When talking about storage, distributed systems come up more frequently these days. The topic grows bigger and bigger each day, while the path is not trod yet. Enterprises working with huge amount of data around the globe showed us, that the future of storage should be on this road.
Planning and building a distributed infrastructure is a lot of hard work. Running performance and stability tests on each possible software solution is not a way to go. Good decisions have to be made in relatively short amount of time.
My thesis tries to help system designers through the planning process of setting up a new cloud storage infrastructure. To do that, I got together the bigger, prevailing file systems and compared them. I read a lot of websites and documentations, so I could write down the descriptions about the technologies found in this work.
Instead of marketing slogans and features mentioned and promised in the documentations, engineers like to see numbers and performance tests. It does not matter if a software has a pretty looking interface, if it can not get the job done. To truly compare the distributed file systems, I measured them and their configurations with predetermined performance tests.
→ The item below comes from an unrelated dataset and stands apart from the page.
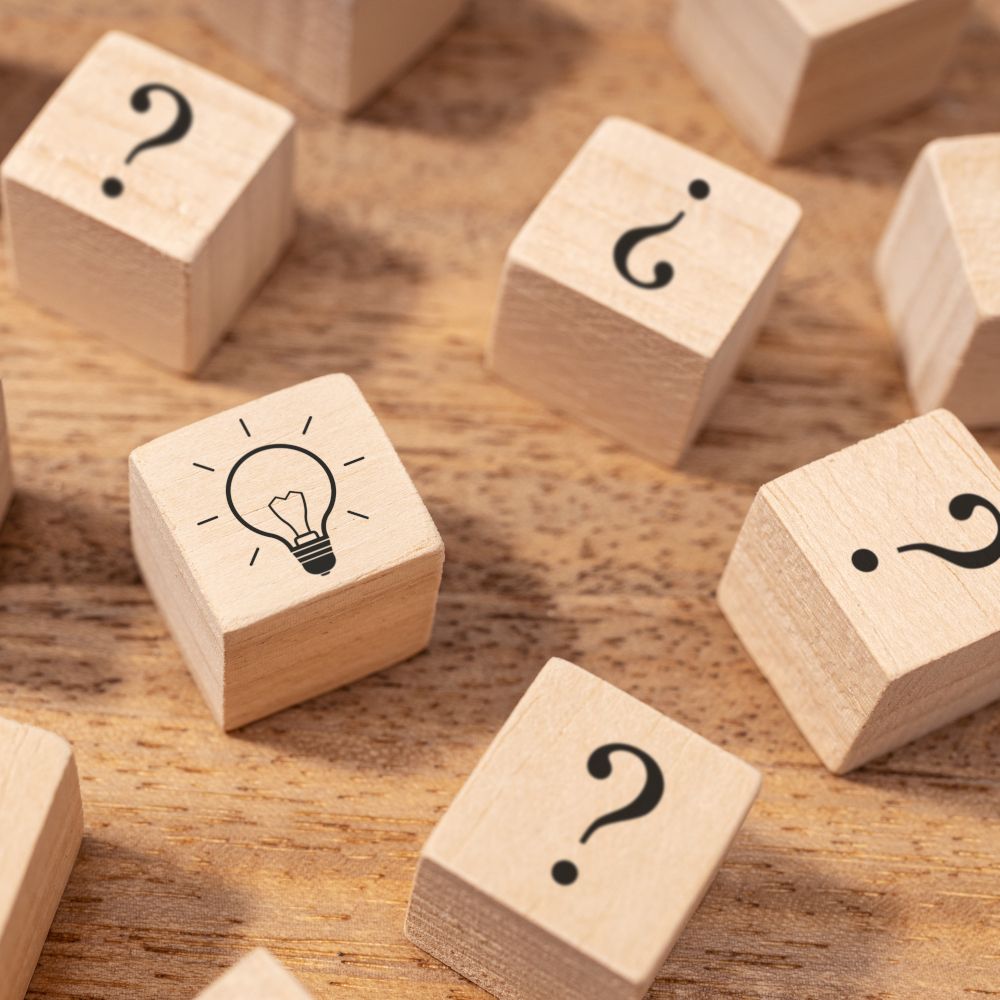 Bloques de madera con interrogaciones y bombilla dibujadas en cada uno de ellos. Concepto de ideas creativas.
The backbone of the whole thing is a custom built framework. With the help of that the computers in the laboratory can be controlled and managed as one, from a single point. Along with different interesting tasks and processes, this framework can create a cloud from the specified technology. That way, I could concentrate on the actual performance tests – after implementing the framework of course.
The framework is written in BASH and builds on existing technologies – used in enterprise environments – that stood the test of time. With a little investment it can be expanded and customized, thus executing other tasks and solving different problems.